◆ TASK TO CARRY OUT
All the data below goes into the copy word for word, but the pictures don't.

◆ COLLECTED DATA
□ □ □ □

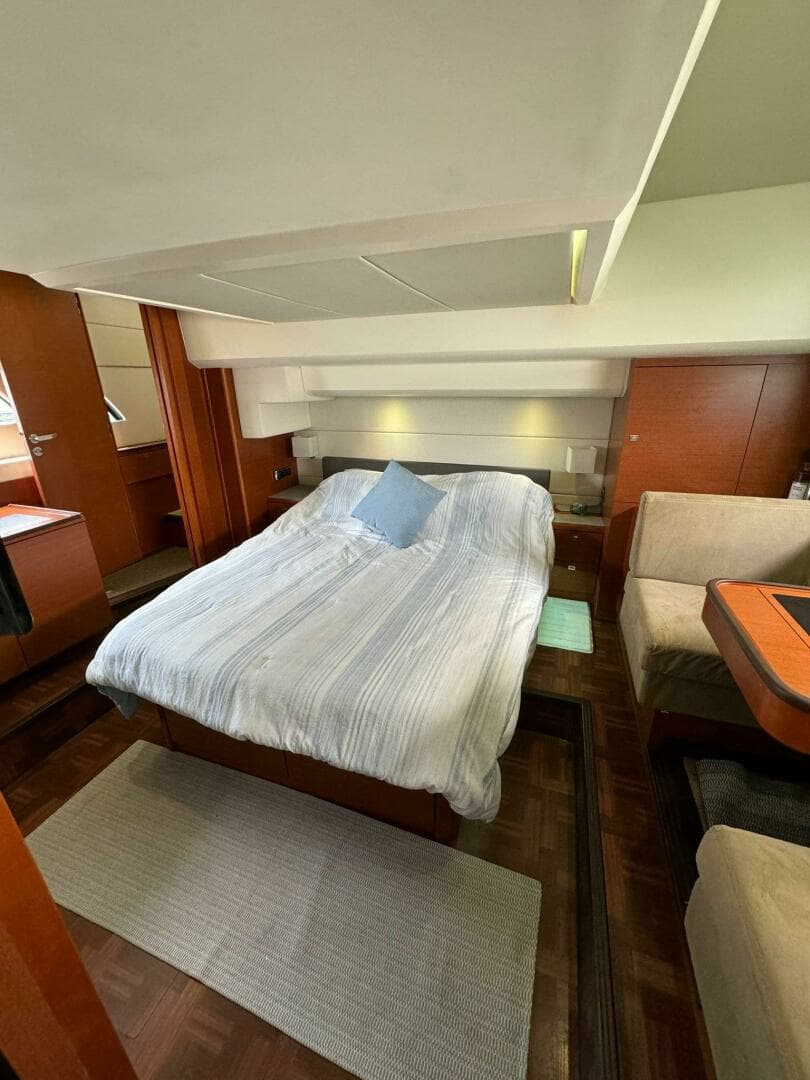 2014 Prestige 550 - Image 33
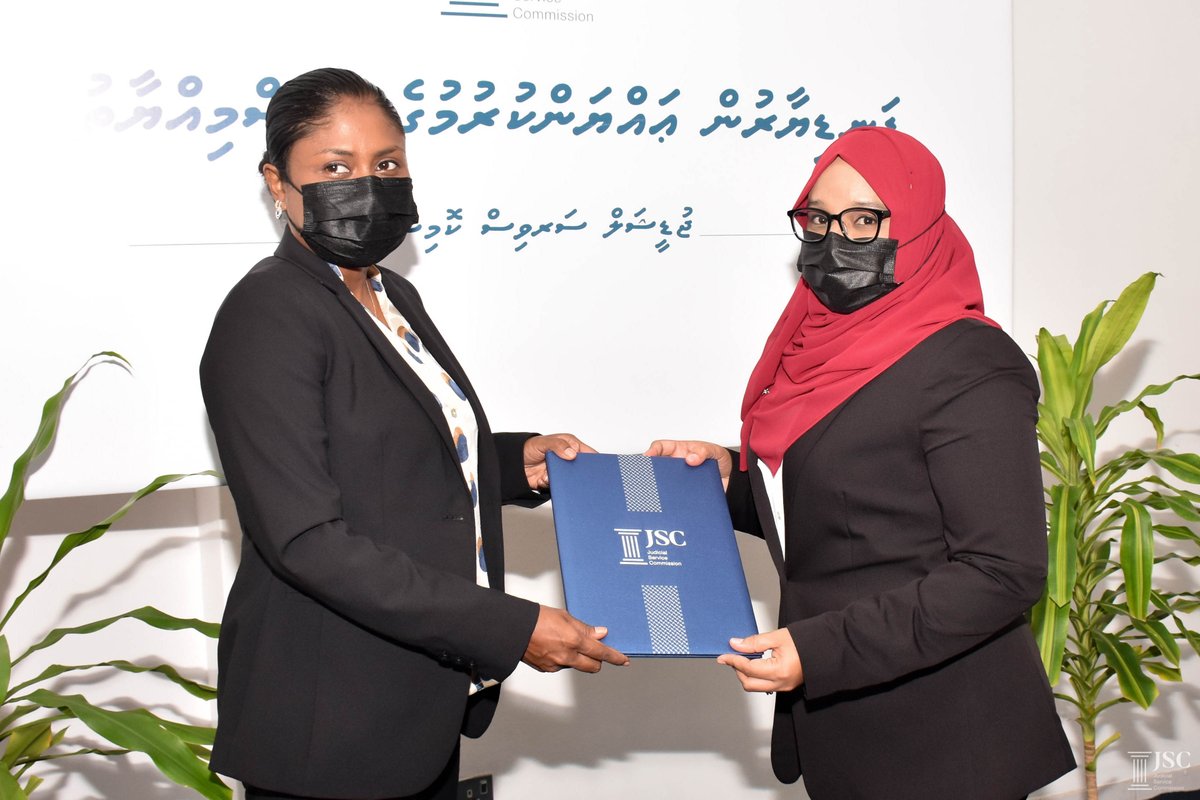 MaldivesJSC's tweet photo. Highlights from yesterday's Oath Taking Ceremony of newly appointed Judges to Family Court.

More photos: https://t.co/lxXOavwrUa https://t.co/gHmSz4Jk2Z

□ □ □ □

◆ OUTPUT OF THE TASK
 2014 Prestige 550 - Image 33
 MaldivesJSC's tweet photo. Highlights from yesterday's Oath Taking Ceremony of newly appointed Judges to Family Court.

More photos: https://t.co/lxXOavwrUa https://t.co/gHmSz4Jk2Z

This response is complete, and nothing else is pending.